▶ **Records to use**
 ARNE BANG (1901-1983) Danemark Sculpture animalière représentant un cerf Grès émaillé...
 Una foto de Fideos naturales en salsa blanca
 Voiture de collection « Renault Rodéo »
* * *
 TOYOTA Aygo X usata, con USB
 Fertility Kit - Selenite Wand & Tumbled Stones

▶ **Task details**
All lines above from the one containing "ARNE BANG (1901-1983)" to the one containing "Voiture de collection" must be repeated exactly, both lines included, and no others.

▶ **Problem solution**
 ARNE BANG (1901-1983) Danemark Sculpture animalière représentant un cerf Grès émaillé...
 Una foto de Fideos naturales en salsa blanca
 Voiture de collection « Renault Rodéo »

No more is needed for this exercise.